What the exercise asks:
Begin your copy at the line that holds "Woman taking a" and carry it through the final line of the data, writing out each line exactly and omitting pictures.
==*==
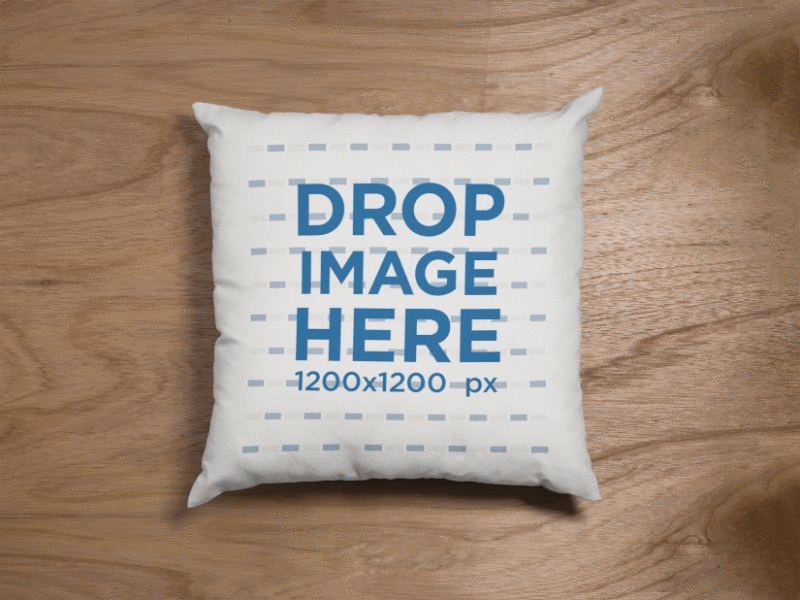 Mockup of a Square Pillow Lying on a Wooden Surface custom pillow image marketing photorealistic mockup pillow mockup pillow mockup generator pillow stock photo pillow template print print mockups template web marketing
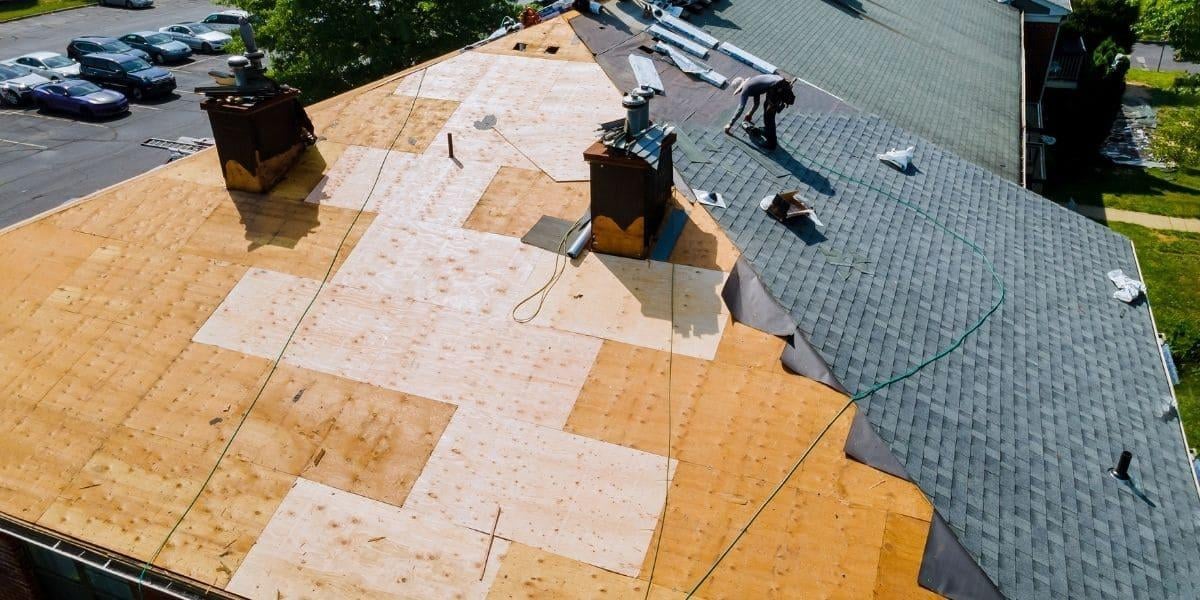 these-roof-repair-contractors-are-repairing-a-roof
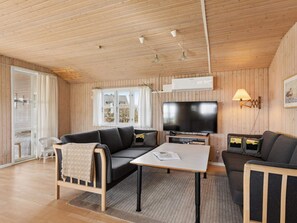 A cozy room with a sofa, a small table, a TV, and a lamp. - 4 Star Holiday Home in Struer (Struer)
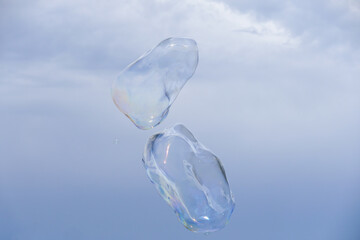 Huge bubble with blue sky and white cloud background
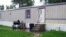 This photo taken July 17, 2015, shows a mobile home that prosecutors say Guatemalan teenagers were forced to live in when they weren’t working at egg farms in Marion, Ohio. 
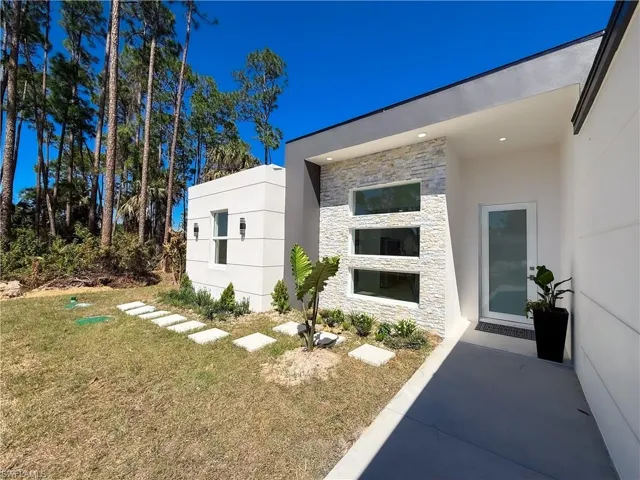 View of exterior entry featuring a lawn, stone siding, and stucco siding
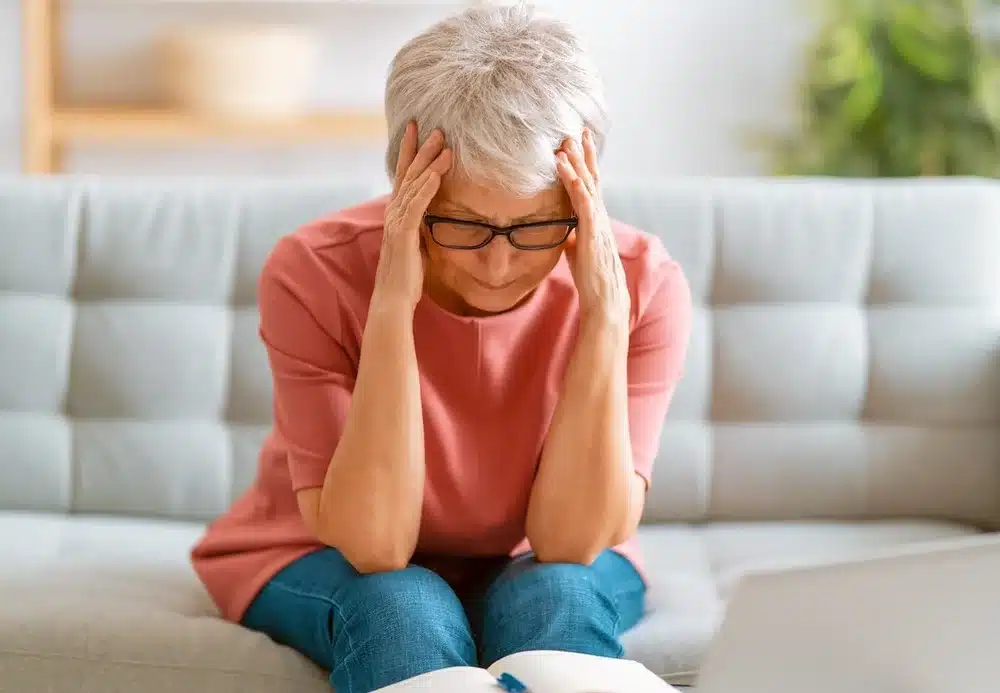 Elderly woman with short gray hair and glasses sits on a sofa, holding her head in frustration, a book open in front of her, expressing stress.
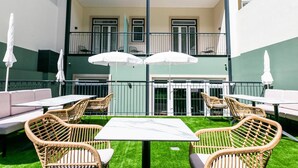 An outdoor patio with wicker furniture and white umbrellas, a green lawn, and a building with balconies in the background. - Lx SoHo Boutique Hotel by RIDAN Hotels (Lisbon)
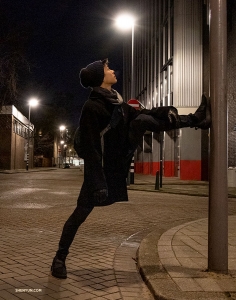 It's true, dancers will stretch anywhere. Roy Chen pauses while taking an evening stroll through Rotterdam. (Photo by Nick Zhao)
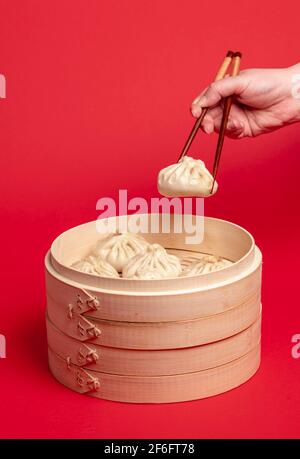Woman taking a dumpling from the bamboo steamer with the chopsticks. Freshly steamed baozi dumplings in a wooden steamer isolated on a red colored bac Stock Photo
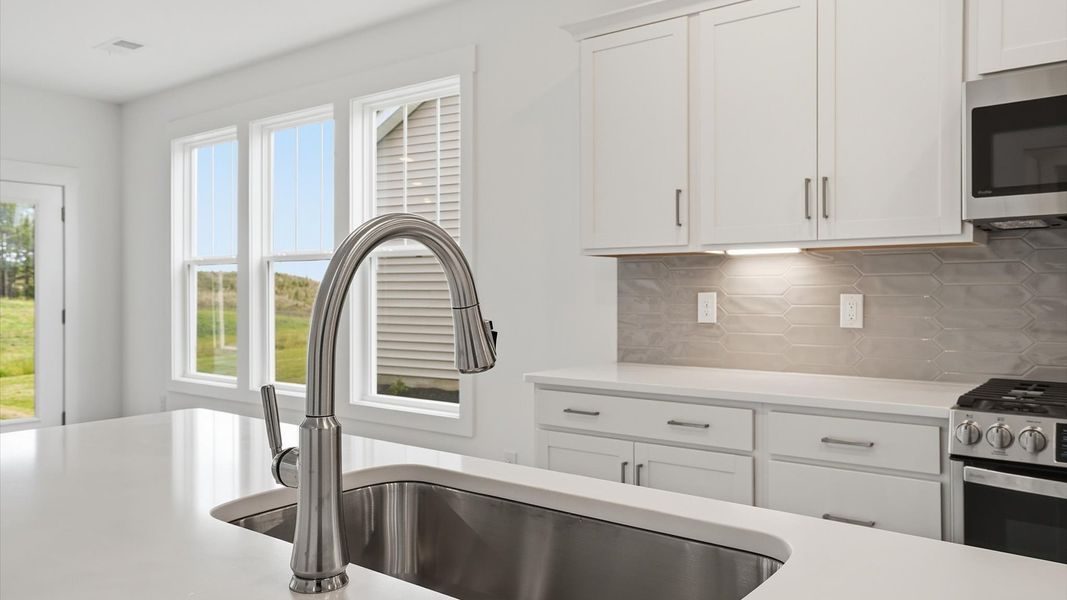 Accomplished kitchen design featuring pendant lighting above a statement island for both prep and gathering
==*==
Task output:
Woman taking a dumpling from the bamboo steamer with the chopsticks. Freshly steamed baozi dumplings in a wooden steamer isolated on a red colored bac Stock Photo
 Accomplished kitchen design featuring pendant lighting above a statement island for both prep and gathering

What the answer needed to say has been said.